# Fisseha Berhane, PhD

#### Data Scientist

443-970-2353 [email protected] CV Resume

### Web Scraping and Natural Language Processing: most commonly used words in a journal paper¶

I am practicing web scrapping, regular expressions and natural language processing in R. In this post, I will find the most commonly used words in one of my published papers. The paper can be accessed from the Journal of Climate.

I am using the painless 'rvest' R package for web scraping and the 'tm' package for natural language processing. The 'stringr' package is used to make my text tidy (remove unwanted characters).

In [4]:
library(rvest)
library(tm)
library(SnowballC)
library(stringr)


### scraping¶

In [5]:
page <- read_html("http://journals.ametsoc.org/doi/full/10.1175/JCLI-D-13-00693.1")

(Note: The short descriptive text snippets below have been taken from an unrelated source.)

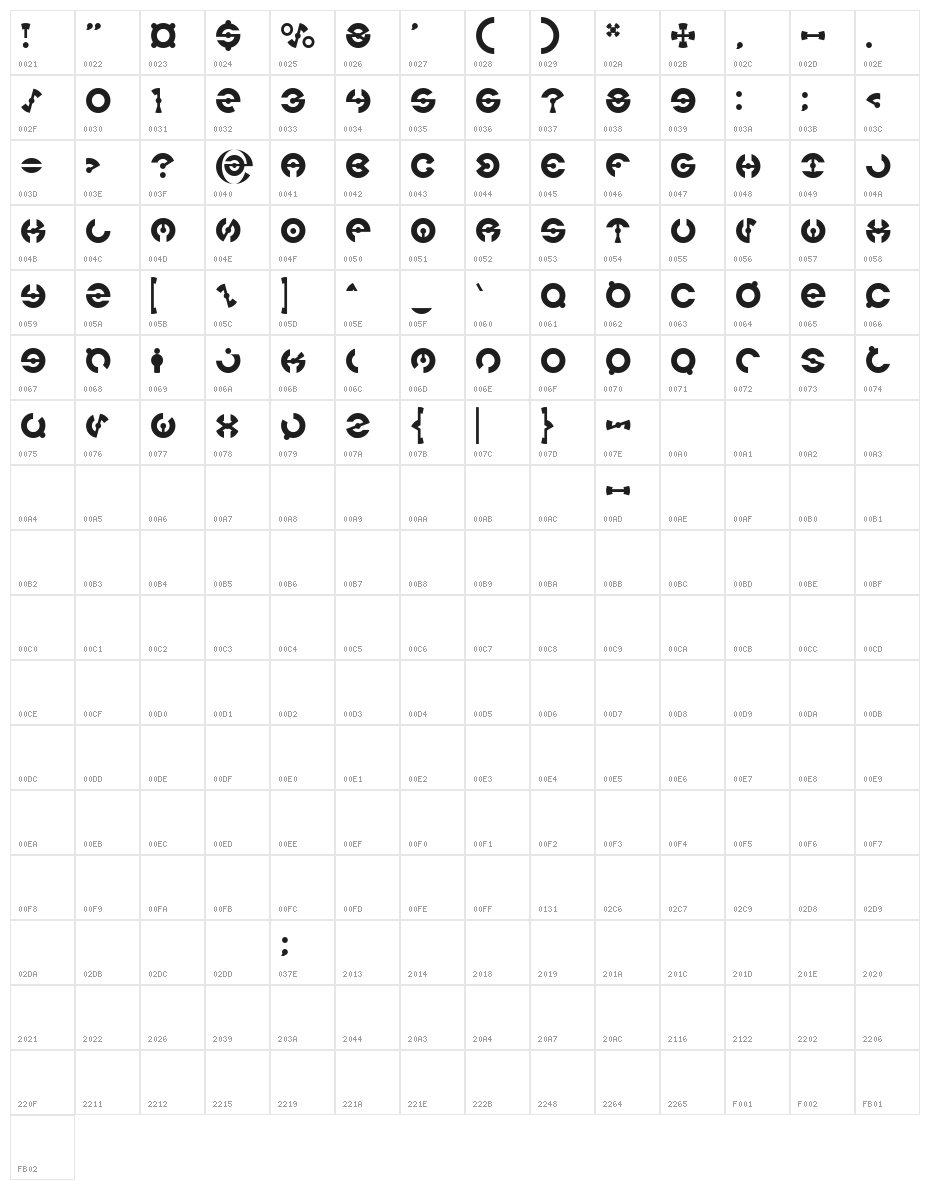 JAMES GLOVER-Light Character Map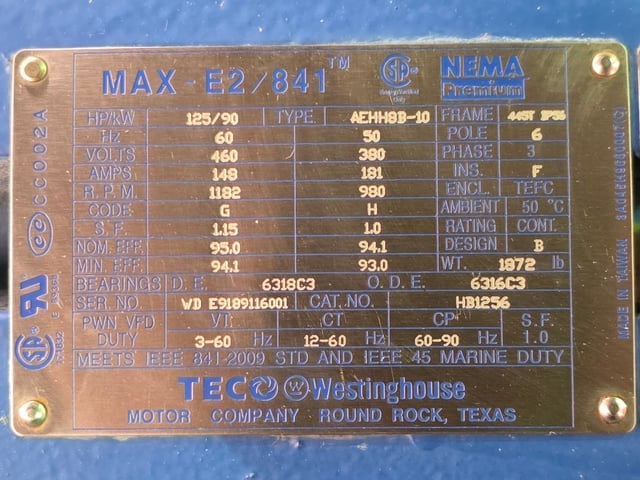 125 HP 1200 RPM Teco Westinghouse, Frame 445T, TEFC BB, 460 Volts, New Surplus - Image 2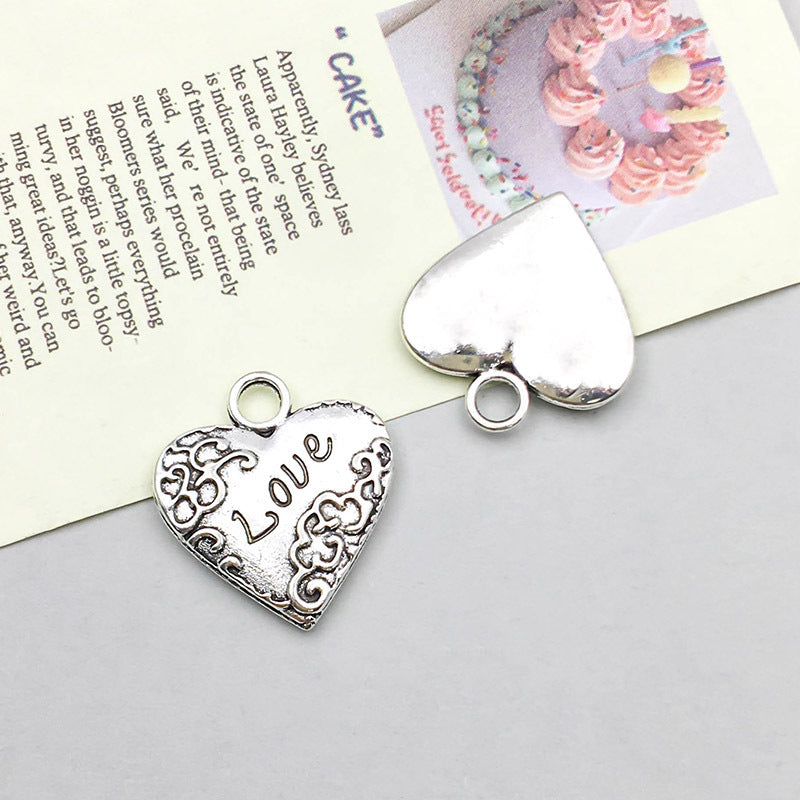 Wholesale 1 Antique Silver Alloy Simulation Heart-shaped English Letter DIY Pendant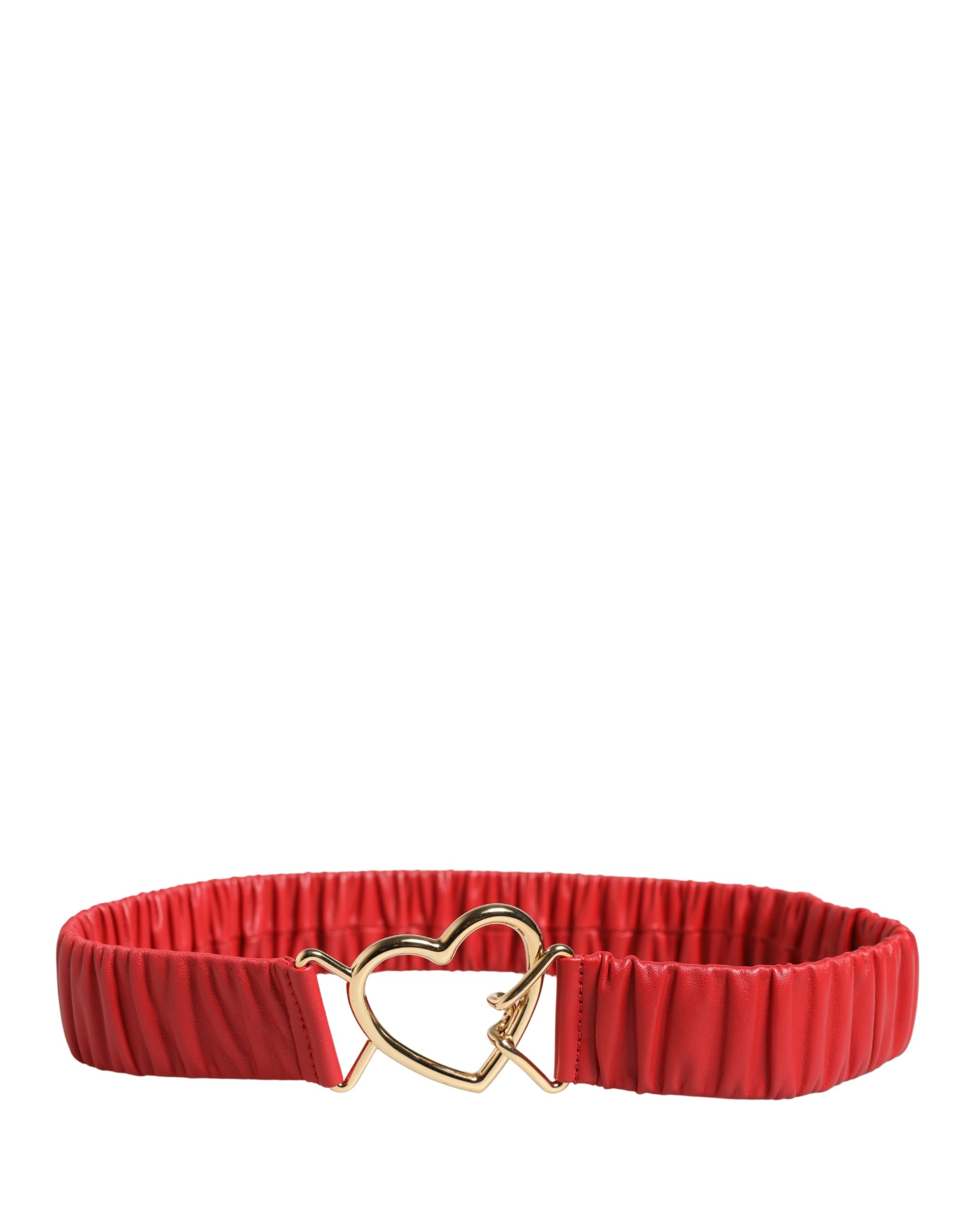 Dolce & Gabbana Red Leather Gold Heart Metal Buckle Belt - Image 3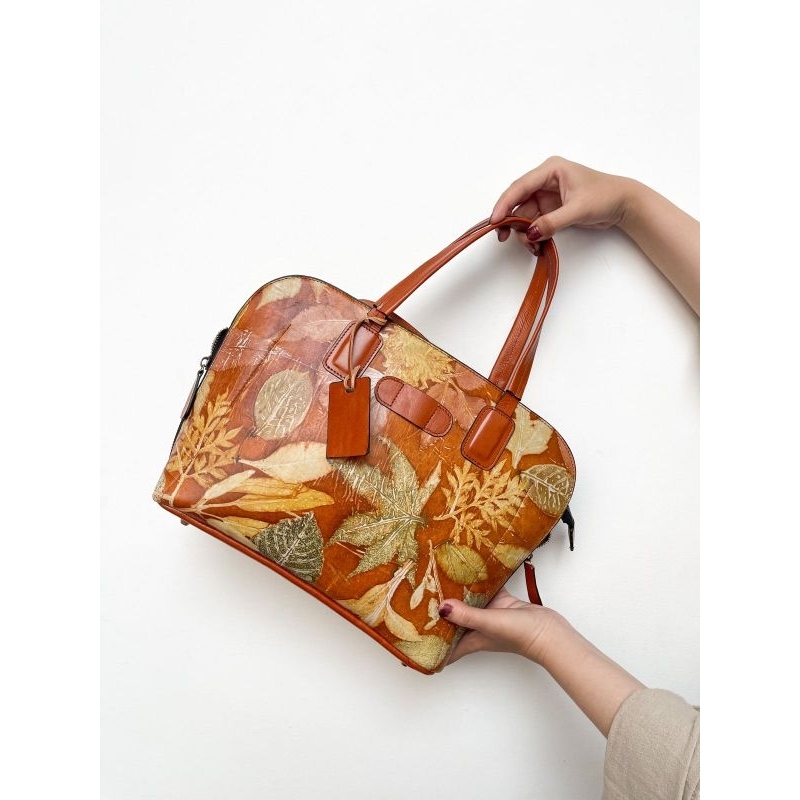 Tas kulit garut motif ecoprint namira series tas kulit wanita tas kulit sapi asli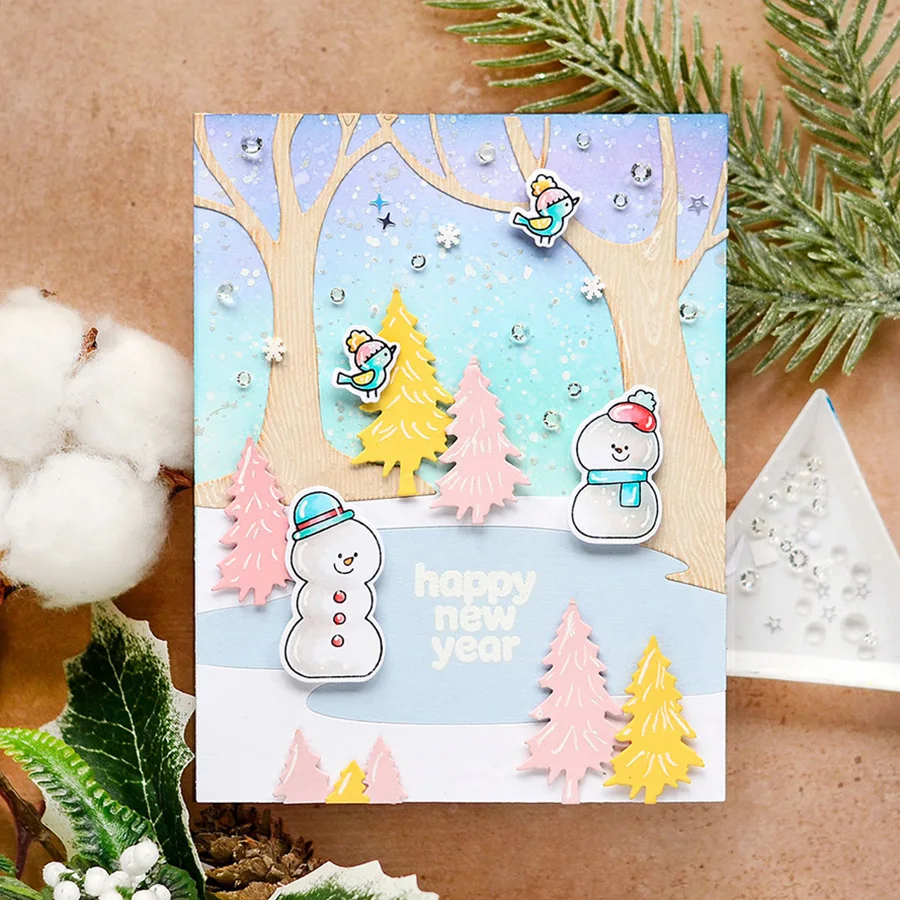 2025 neue Ankunft Winter Grove Baum Hintergrund Vogel Schnee Messer Form Metall Schneiden Stirbt für DIY Scrapbooking Karte, Der Schablonen – Detail 2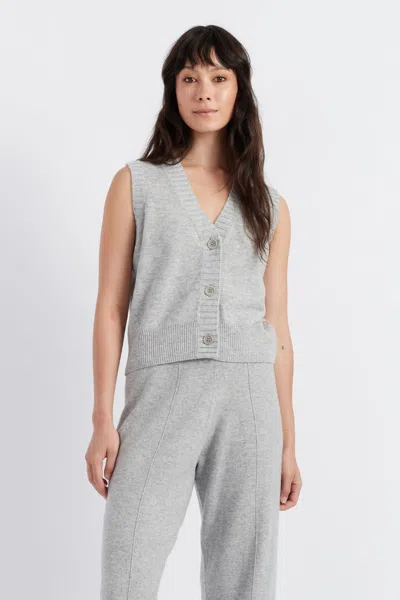 CHINTI & PARKER LIGHT-GREY WOOL-CASHMERE WAISTCOAT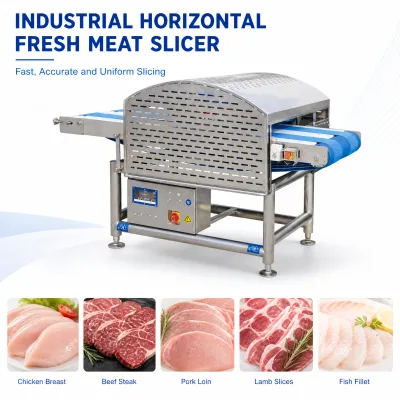 Automatic Meat Slicer Machine Conveyor Type Beef Pork Chicken Slicing Equipment Stainless Steel for Food Factory
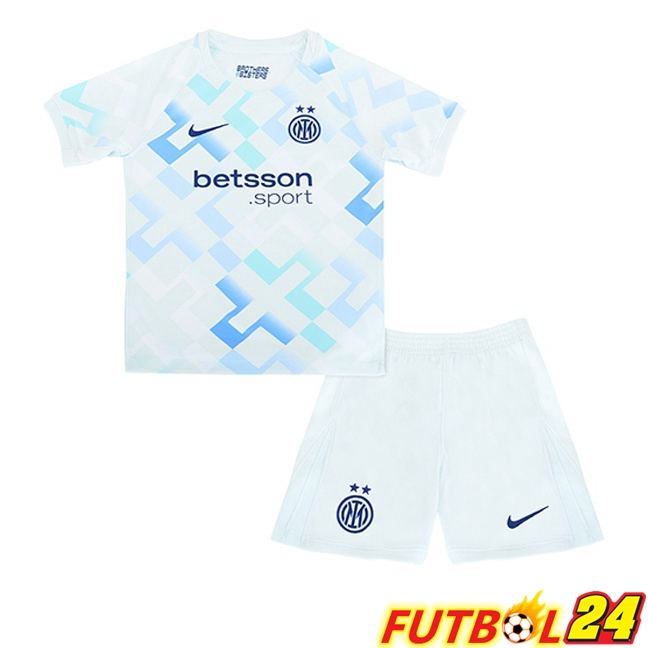 Camisetas De Futbol Inter Milan Ninos Segunda Blanco Azul 2025/2026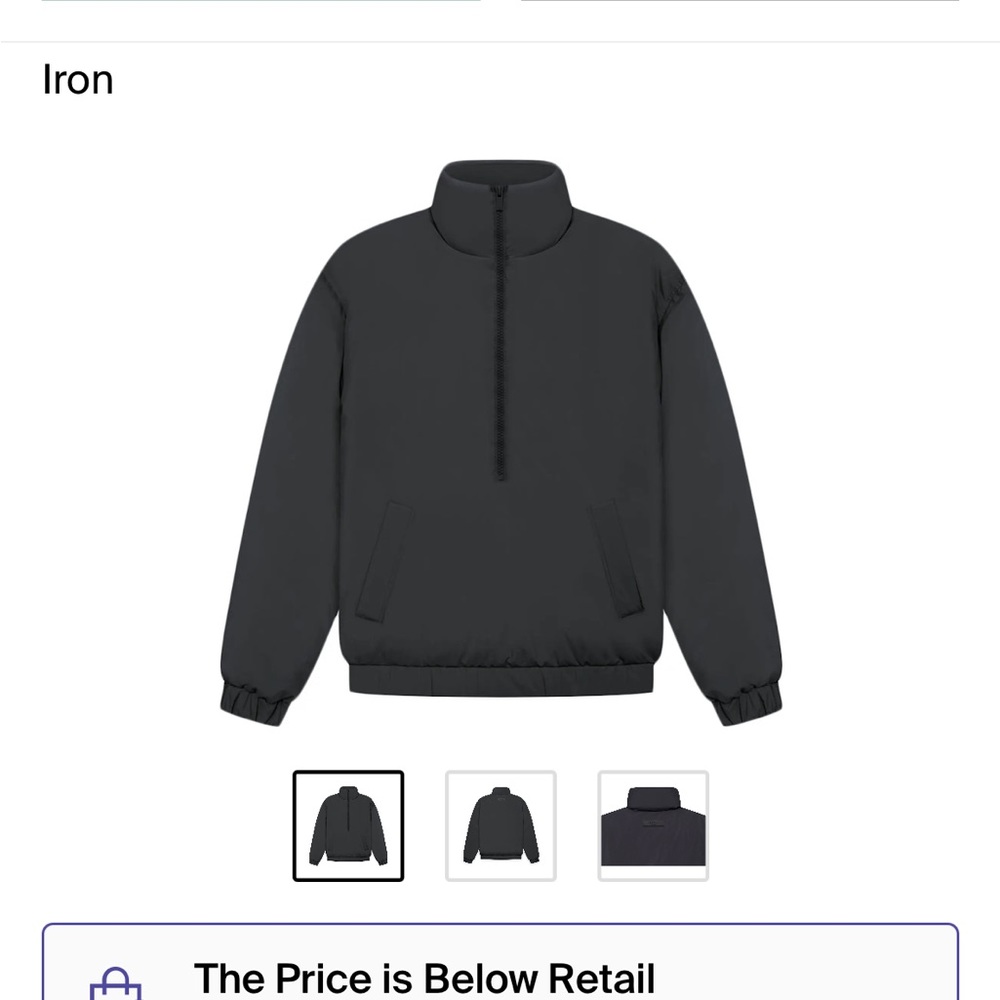 Fear of god essentials- quilted pullover (iron) new with tags size large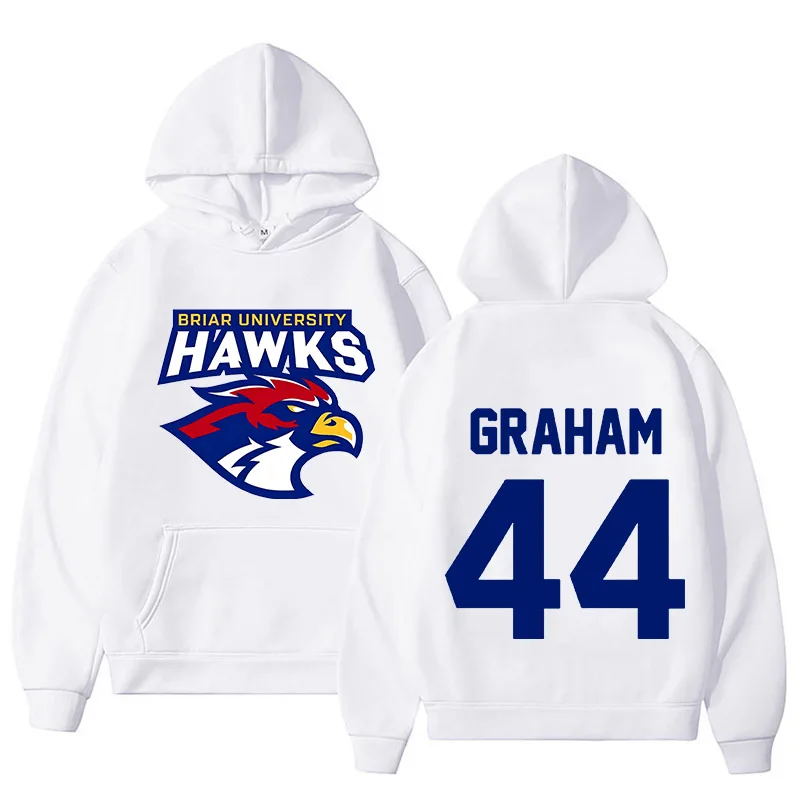 

Off Campus Briar University Hawks Graham 44 Hoodie Funny Men's Hoodie Harajuku Unisex Street Wear Fleece Pullover Sweatshirt
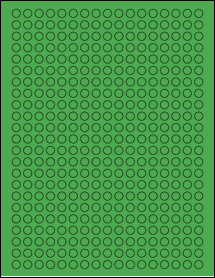 Sheet of 0.33" Circle True Green labels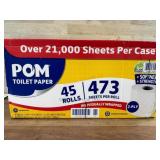 Pom Toilet Paper, 45 Rolls, 2-Ply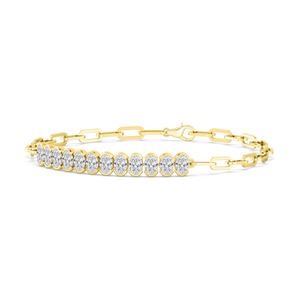 Oval Cut Lab Grown Diamond Half Paperclip Chain Bracelet 3.96 CTW in 14K Yellow Gold - Product Image 2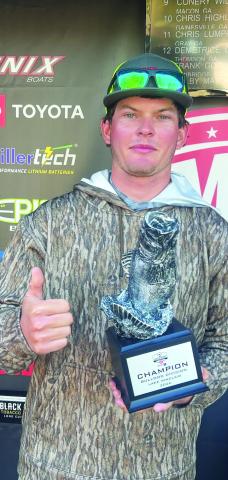 Emery Burnett after his March 28 win in the MLF Phoenix Bass Fishing League tournament, presented by T-H Marine (BFL) tournament on Lake Sinclair. CONTRIBUTED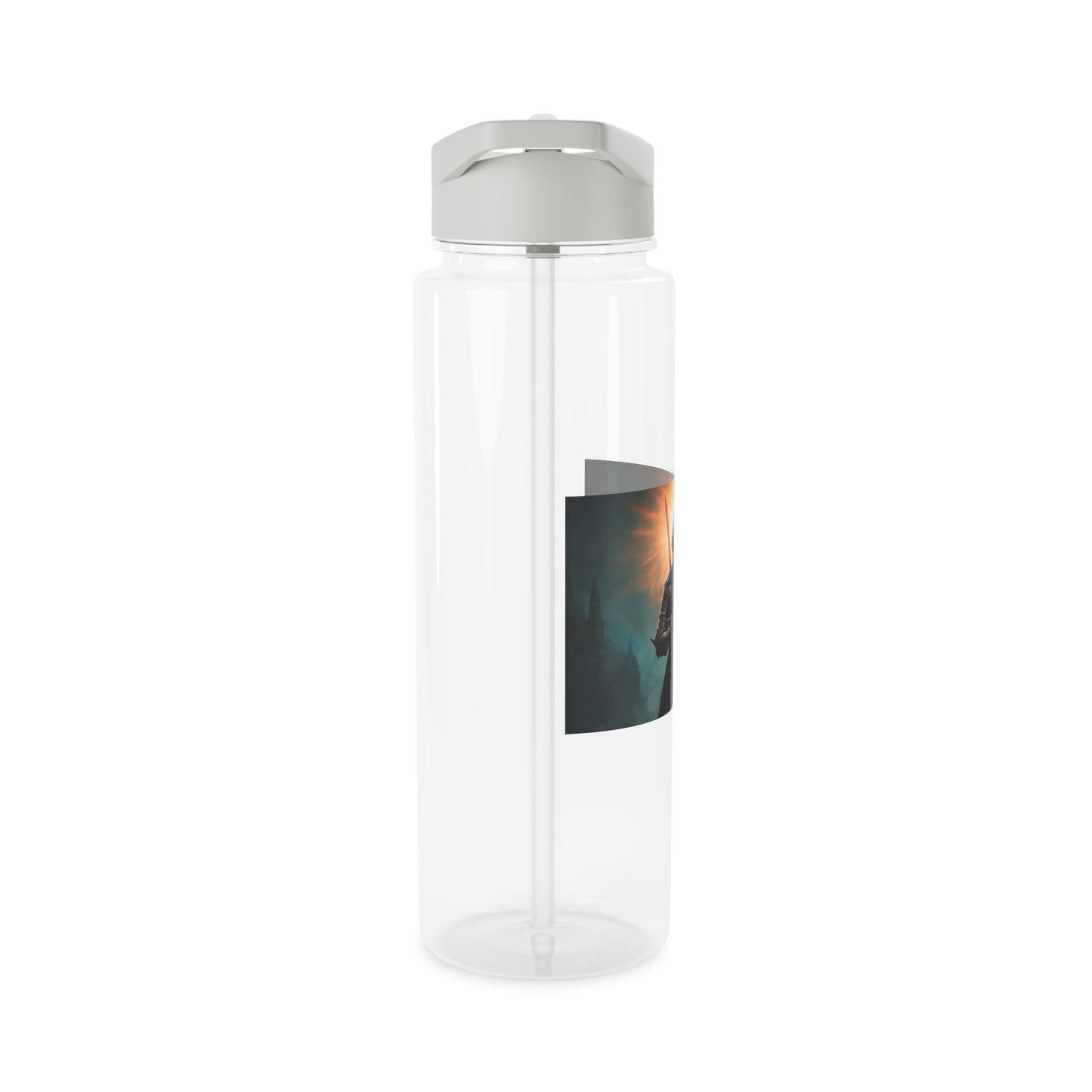 Dawn-Clad Sentinel Tritan Water Bottle – Radiant Resolve in Shadowed Towers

paper=page%>% html_nodes(css = ".NLM_sec_level_1")%>%html_text()
paper[1]  # Let's see the first one

Out[5]:
In [24]:
length(paper)

Out[24]:
4

The paper is diveded in to introduction, Data and methods, Results and discussion, and Conclusions

#### Remove unwanted characters¶

In [7]:
paper=str_replace_all(paper, "[^[:alnum:]]", " ")
paper=gsub("[^A-Za-z0-9 ]", "-", paper)
paper[2]

Out[7]:

### Searching most common words¶

In [10]:
# Create corpus

corpus = Corpus(VectorSource(x))

In [26]:
# Convert to lower-case

corpus = tm_map(corpus, tolower)

In [15]:
# convert corpus to a Plain Text Document

corpus = tm_map(corpus, PlainTextDocument)

In [12]:
# Remove punctuation

corpus = tm_map(corpus, removePunctuation)

In [13]:
# Remove stopwords

corpus = tm_map(corpus, removeWords, stopwords("english"))

In [16]:
# Create matrix

frequencies = DocumentTermMatrix(corpus)


### Most commonly used words¶

Let's search words that occur at least 50 times

In [25]:
findFreqTerms(frequencies, lowfreq=50)

Out[25]:
1. "anomalies"
2. "mjo"
3. "precipitation"

### Conclusion¶

The paper investigates the impacts of an intra-seasonal oscillation called MJO on precipitation over east Africa. The processes through which the oscillation influences precipitation over the region is investigated by lookig at anomalies of various atmospheric and oceanic fields such as sea surface temperature, atmospheric winds and sea level pressure. Therefore, it is expected that anomalies, mjo and precipitation are the top three commonly used words the in paper.